In reading one of the editorials in the March Journal I found a statement which took me back in thought to an experience of several years ago. The statement was this: "Like the little child in the unconsciousness of its sore distress, they have called for one who bore them in his arms. ... From the slums, the sweat-shop, the sickroom, ay, and from the haunt of the outcast and degraded, the heart of sin-sick humanity is crying, My God, O my God!"
When taken with the illness of which I was afterward healed by Christian Science, I was visiting in England. The physicians there advised my return to America as soon as possible. On the homeward voyage I was under the care of the ship surgeon, who ordered me to remain in my berth for three days at least. It was of these days I was reminded by the words quoted above, for during that time I recall saying almost constantly, "My Father, O my Father," and as I had been for years very skeptical, and was at this time an agnostic, the question came, Who is your Father? and why do you call upon one of whom you know nothing (nor can)? If there were a God—a just God—would He let you suffer like this?

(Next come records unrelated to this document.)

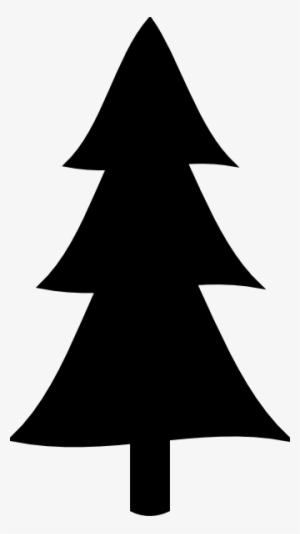 Lack Christmas Tree Clip Art - Pine Tree Clipart Silhouette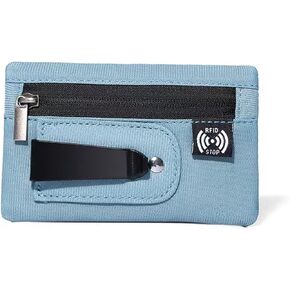 RFID Hidden Clip Stash Money Belt - Ultra Thin Anti-Theft Travel Pouch with Credit Card Slots for Women/Men, Perfect for International Travel, Daily Commute & Outdoor Activities (Black)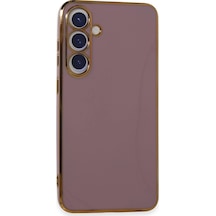 Mey İthalat Samsung Uyumlu Galaxy S24 Plus Kılıf Volet Silikon - Mor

My answer was, No, I do not know who or what God is—and cannot know—but I believe there is a God, and if a God, He must be wise and just, and I cannot believe He is responsible for my sufferings. I must be responsible, I must have transgressed nature's laws, and must pay the consequent penalty. Of course these "laws of nature" were to my mind "health laws," in which I fully believed and which I supposed were God's laws. In fact, nature and God were nearly synonymous terms to me, and so I worshipfully loved the springtime, the flowers, the trees, the wonderful sky, the stars, and all the beauties of nature.
Upon my arrival in New York I consulted different physicians and finally went to a well-known specialist who told me that my troubles were of an organic nature and chronic, and that an operation would be necessary, but that I must take a course of treatment to "tone up my system" before the operation could be performed with any safety.